Only these lines are needed: the first line of the entries below through the line with "And we're not", each returned exactly.

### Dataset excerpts
■ ■ ■ ■

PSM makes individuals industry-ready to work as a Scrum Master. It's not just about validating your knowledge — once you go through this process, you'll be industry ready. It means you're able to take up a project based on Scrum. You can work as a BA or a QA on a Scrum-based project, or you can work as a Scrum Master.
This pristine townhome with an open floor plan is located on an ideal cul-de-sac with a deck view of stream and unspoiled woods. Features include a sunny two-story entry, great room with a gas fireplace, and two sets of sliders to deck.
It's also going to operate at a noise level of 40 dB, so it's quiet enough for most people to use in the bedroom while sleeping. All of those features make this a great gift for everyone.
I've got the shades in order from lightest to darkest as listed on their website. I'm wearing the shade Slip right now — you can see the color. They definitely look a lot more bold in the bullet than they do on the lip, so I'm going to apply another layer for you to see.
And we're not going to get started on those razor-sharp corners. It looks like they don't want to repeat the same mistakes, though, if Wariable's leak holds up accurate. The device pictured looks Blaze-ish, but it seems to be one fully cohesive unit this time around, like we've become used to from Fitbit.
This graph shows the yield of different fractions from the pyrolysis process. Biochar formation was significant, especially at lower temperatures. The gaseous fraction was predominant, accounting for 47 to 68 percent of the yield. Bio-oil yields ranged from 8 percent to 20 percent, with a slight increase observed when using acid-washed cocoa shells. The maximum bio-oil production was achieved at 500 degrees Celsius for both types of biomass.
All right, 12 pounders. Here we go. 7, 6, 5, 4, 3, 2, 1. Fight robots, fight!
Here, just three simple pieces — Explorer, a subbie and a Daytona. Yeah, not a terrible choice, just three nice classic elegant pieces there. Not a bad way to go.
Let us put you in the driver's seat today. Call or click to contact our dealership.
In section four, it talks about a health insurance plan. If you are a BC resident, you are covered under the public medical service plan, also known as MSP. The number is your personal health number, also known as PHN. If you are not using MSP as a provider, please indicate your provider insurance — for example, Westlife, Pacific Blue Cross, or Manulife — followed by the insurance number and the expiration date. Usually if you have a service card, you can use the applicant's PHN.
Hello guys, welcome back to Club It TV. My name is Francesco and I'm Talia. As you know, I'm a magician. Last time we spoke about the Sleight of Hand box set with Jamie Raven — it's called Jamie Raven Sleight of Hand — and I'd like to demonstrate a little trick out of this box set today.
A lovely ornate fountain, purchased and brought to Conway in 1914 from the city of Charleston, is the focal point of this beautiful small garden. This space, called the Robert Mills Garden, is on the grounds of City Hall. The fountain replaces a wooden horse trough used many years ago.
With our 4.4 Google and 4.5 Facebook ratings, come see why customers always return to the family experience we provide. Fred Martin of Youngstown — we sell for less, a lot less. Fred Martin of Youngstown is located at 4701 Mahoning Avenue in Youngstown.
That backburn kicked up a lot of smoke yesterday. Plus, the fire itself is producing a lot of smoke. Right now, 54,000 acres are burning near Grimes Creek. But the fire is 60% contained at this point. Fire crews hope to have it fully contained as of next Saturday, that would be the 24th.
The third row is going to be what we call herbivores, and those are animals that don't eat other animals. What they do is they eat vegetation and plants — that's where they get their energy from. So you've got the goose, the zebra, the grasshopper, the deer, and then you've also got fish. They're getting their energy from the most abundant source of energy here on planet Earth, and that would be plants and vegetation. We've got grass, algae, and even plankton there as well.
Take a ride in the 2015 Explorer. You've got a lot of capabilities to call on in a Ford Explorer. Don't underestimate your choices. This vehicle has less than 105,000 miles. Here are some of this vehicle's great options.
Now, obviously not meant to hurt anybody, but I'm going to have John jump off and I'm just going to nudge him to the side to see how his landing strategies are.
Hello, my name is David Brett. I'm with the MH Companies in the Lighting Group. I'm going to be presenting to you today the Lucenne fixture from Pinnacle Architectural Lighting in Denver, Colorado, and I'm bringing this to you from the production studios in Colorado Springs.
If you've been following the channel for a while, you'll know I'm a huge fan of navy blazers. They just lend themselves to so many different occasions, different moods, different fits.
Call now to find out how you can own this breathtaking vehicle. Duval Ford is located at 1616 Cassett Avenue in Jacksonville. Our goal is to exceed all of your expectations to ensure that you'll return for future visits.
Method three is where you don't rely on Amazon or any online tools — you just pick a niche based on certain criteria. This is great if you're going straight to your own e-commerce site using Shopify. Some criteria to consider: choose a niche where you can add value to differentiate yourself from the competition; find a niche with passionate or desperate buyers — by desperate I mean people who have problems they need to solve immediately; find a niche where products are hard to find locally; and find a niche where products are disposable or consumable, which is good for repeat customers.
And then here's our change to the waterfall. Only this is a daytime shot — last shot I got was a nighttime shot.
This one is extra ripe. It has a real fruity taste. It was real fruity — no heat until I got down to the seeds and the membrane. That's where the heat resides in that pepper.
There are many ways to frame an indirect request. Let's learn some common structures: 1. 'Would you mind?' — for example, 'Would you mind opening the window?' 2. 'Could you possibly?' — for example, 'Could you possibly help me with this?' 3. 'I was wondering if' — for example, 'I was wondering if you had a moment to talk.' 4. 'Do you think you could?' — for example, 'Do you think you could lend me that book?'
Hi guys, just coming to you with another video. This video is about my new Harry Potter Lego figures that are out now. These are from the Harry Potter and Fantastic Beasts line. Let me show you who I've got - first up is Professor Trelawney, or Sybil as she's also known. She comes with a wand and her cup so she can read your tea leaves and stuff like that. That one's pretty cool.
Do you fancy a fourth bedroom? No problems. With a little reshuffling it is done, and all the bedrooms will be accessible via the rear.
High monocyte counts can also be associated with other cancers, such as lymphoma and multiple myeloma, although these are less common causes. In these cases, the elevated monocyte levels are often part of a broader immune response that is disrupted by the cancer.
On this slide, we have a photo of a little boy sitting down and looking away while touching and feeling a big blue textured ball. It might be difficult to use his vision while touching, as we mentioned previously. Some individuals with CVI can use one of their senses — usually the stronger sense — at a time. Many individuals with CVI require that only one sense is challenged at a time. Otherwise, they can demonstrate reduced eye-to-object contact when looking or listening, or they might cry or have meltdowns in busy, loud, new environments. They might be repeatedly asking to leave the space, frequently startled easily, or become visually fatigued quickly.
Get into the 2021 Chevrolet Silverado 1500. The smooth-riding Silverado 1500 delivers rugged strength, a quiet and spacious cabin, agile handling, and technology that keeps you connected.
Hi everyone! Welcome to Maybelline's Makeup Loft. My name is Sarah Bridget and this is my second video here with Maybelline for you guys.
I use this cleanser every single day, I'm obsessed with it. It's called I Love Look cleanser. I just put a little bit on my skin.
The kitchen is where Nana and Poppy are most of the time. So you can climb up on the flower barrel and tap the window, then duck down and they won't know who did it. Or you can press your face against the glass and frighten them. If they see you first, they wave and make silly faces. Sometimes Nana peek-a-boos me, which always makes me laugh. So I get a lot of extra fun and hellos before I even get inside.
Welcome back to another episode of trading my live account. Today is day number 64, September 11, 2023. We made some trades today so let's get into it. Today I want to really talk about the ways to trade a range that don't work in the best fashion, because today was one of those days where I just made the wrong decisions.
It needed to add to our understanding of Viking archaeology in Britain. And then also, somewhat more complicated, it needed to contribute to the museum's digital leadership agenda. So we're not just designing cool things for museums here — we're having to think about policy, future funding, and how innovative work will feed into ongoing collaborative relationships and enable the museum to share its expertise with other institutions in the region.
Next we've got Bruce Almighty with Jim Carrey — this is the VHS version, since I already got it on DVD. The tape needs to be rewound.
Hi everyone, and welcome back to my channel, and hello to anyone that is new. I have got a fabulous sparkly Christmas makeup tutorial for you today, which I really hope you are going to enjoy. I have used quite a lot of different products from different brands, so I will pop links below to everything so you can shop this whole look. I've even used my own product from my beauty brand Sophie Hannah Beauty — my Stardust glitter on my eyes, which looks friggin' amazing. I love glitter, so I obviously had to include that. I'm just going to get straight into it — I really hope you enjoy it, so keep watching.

■ ■ ■ ■

### Written answer
PSM makes individuals industry-ready to work as a Scrum Master. It's not just about validating your knowledge — once you go through this process, you'll be industry ready. It means you're able to take up a project based on Scrum. You can work as a BA or a QA on a Scrum-based project, or you can work as a Scrum Master.
This pristine townhome with an open floor plan is located on an ideal cul-de-sac with a deck view of stream and unspoiled woods. Features include a sunny two-story entry, great room with a gas fireplace, and two sets of sliders to deck.
It's also going to operate at a noise level of 40 dB, so it's quiet enough for most people to use in the bedroom while sleeping. All of those features make this a great gift for everyone.
I've got the shades in order from lightest to darkest as listed on their website. I'm wearing the shade Slip right now — you can see the color. They definitely look a lot more bold in the bullet than they do on the lip, so I'm going to apply another layer for you to see.
And we're not going to get started on those razor-sharp corners. It looks like they don't want to repeat the same mistakes, though, if Wariable's leak holds up accurate. The device pictured looks Blaze-ish, but it seems to be one fully cohesive unit this time around, like we've become used to from Fitbit.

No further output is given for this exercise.